Friday, November 28, 2014

Rethinking Overconsumption and Reflexive Consumerism

We buy far more than we need, this is not just about wasted affluence this is about moral turpitude and civilization ending environmental destruction.

We need to understand that everything we buy has an environmental cost. This footprint includes the energy and resources used to manufacture it and the emissions associated with shipping. We live in a throwaway culture where most of what we buy ends up in the trash. However, when we dispose of something, we are adding yet another insult to the Earth. Our garbage gets transported to landfills where it contaminates the soil, leeches into the water table and generates more climate change causing greenhouse gas emissions.

If we look at what we buy and where it ultimately ends up we are forced to acknowledge that our current trajectory is not only unsustainable it is insane. In the context of global poverty and famine, the waste generated at Thanksgiving and throughout the year is unconscionable.
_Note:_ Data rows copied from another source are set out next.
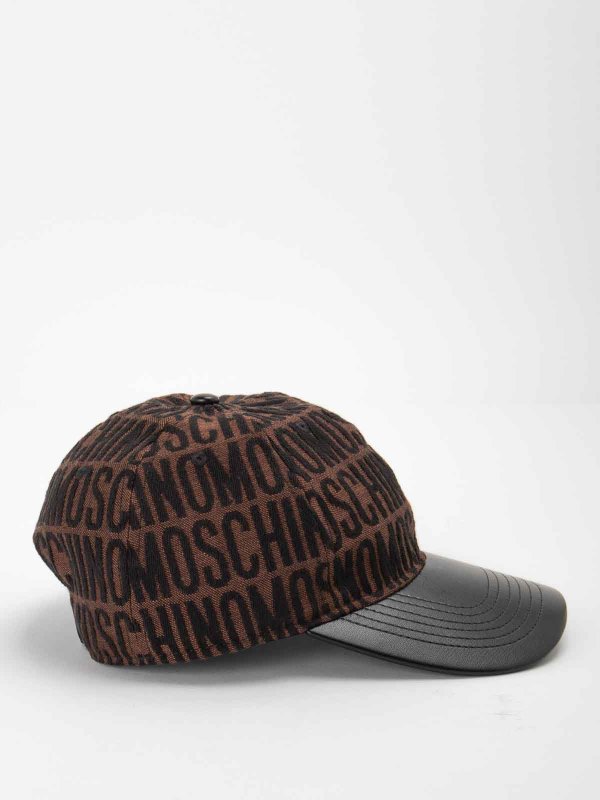 MOSCHINO: cappelli online - Cappello con stampa integrale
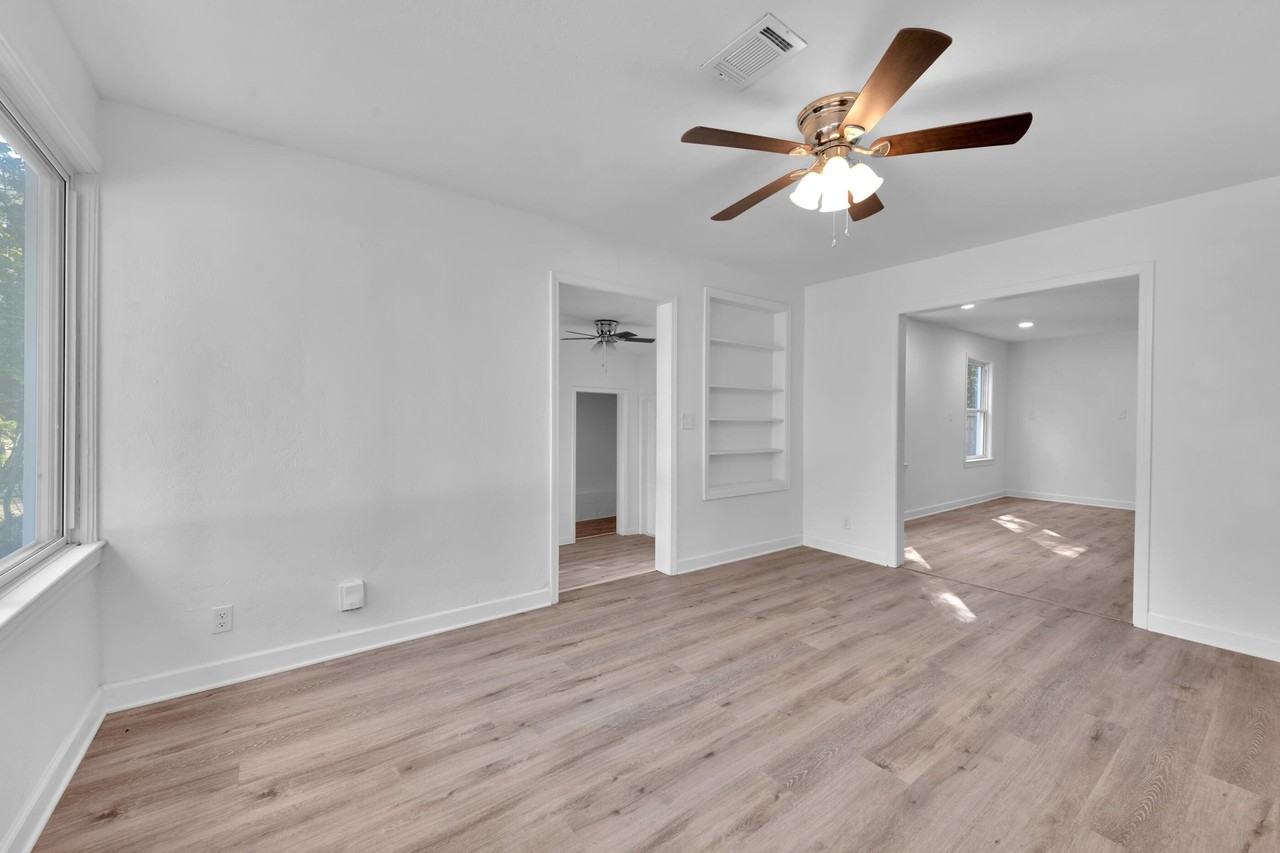 723 Lakewood Rd - Photo 6 of 21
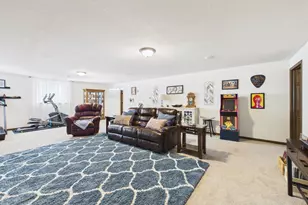 W272N387 Hilltop Dr, Pewaukee, WI 53188 - Photo 84
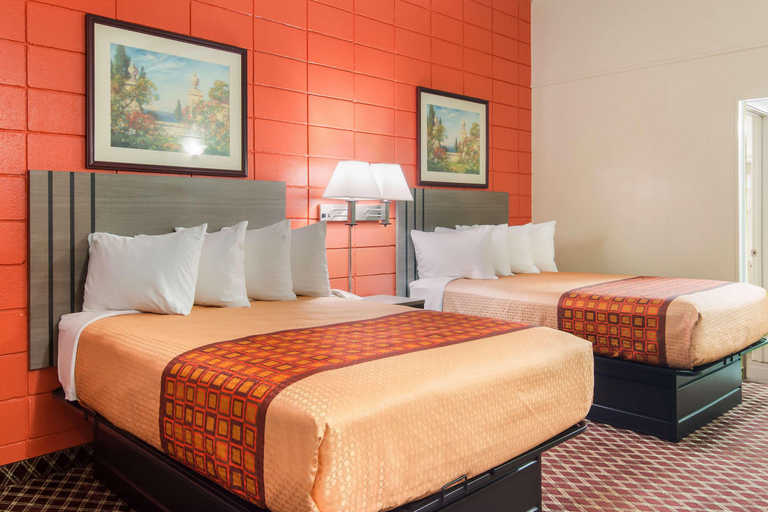Bedroom 3, Rodeway Inn Nashville, Howard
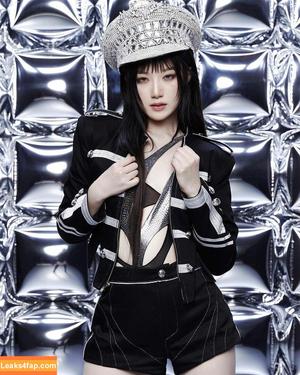 WomenK-pop фото #1025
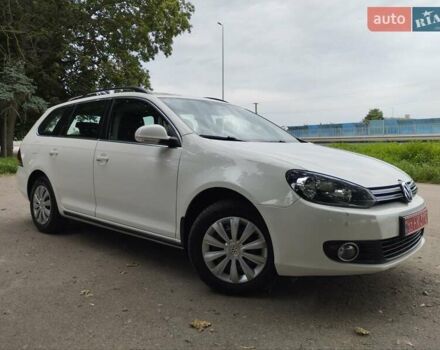 Білий Фольксваген Гольф, об'ємом двигуна 1.6 л та пробігом 174 тис. км за 7699 $, фото 1 на Automoto.ua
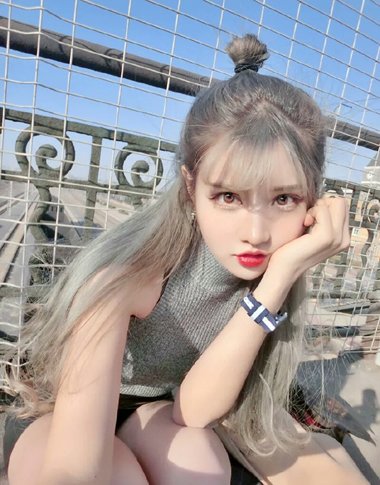 圆脸梳什么样的发型 圆脸女孩梳什么公主头
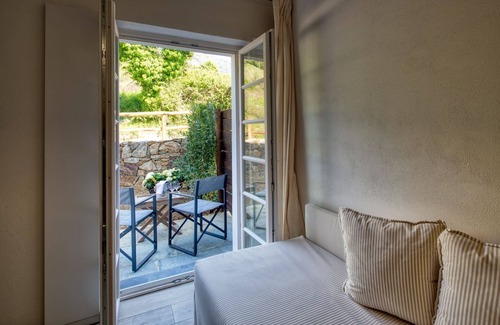 Arenzano Condo | Mirandola Suites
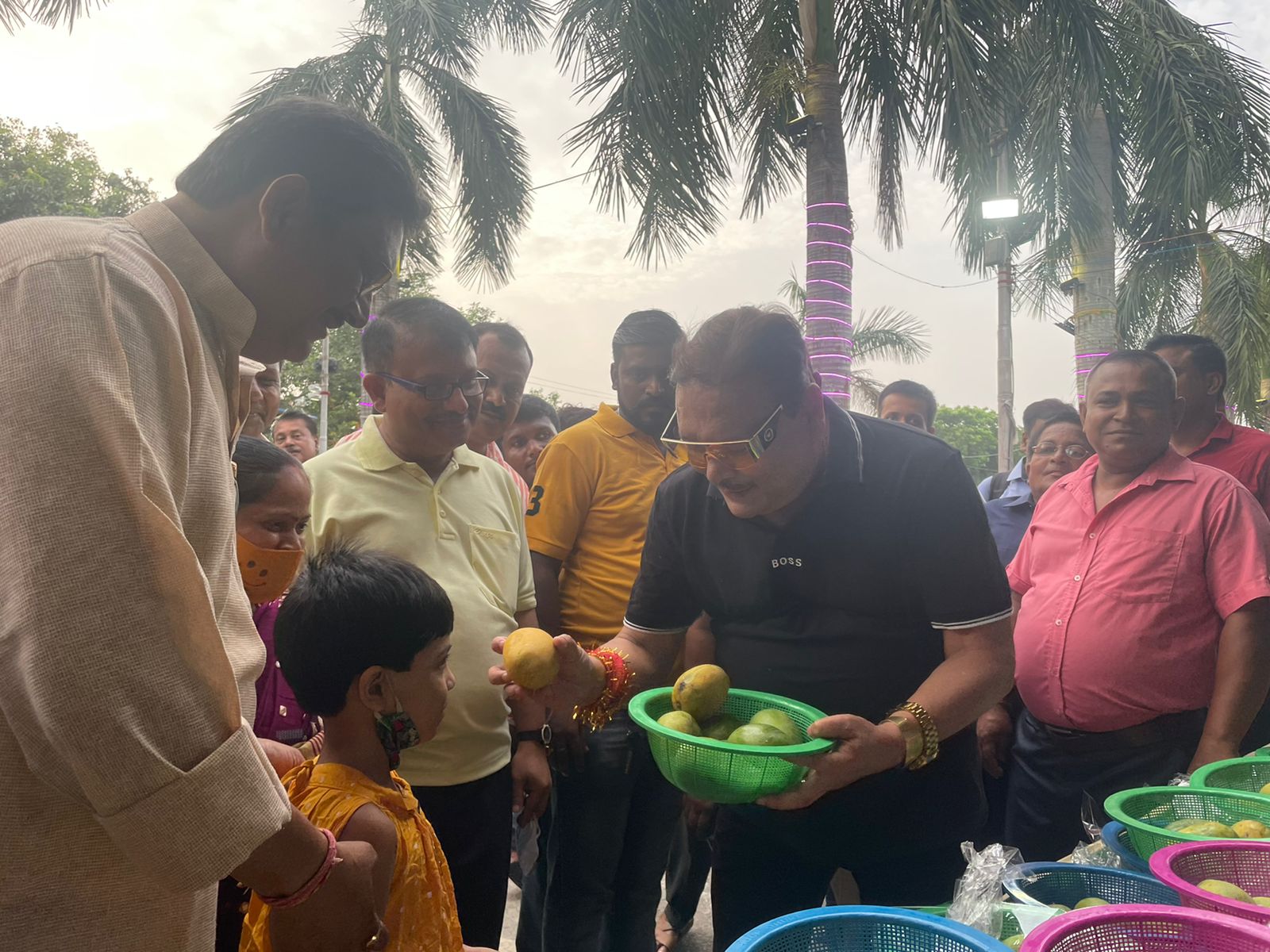 আম জনতার কাছে এবার “দুয়ারে আম”। দুয়ারে আম পৌঁছে দিচ্ছেন ৭ নম্বর ওয়ার্ডের বাপি ঘোষ।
This is about far more than being irresponsible, our reckless indulgence jeopardizes our children's futures. Our levels of consumption far exceed the carrying capacity of the Earth. Unless we change our patterns of consumption and the underlying culture of consumerism, we will fall over a precipice from which we may not be able to recover.

Research bears out what we already know-- we have far more than we need. A 2012 UCLA study of 32 middle-class families in Los Angeles found that 75 percent of garages contained between 300 to 650 boxes. These garages were so full that there was no room to park the car. Garages are just the tip of the iceberg, the average house has 438 books and magazines, 139 toys and 39 pairs of shoes.

We need to rethink the marketing frenzy that causes us to reflexively consume. We should question the messages that purport to tell us what we need. We need to stop and think rather than buy into the collective hysteria of rampant consumerism. Independent of what marketers tell us, the question that we need to ask before we make any purchase is, "do we really need it?" In most instances the answer is no, we really don't.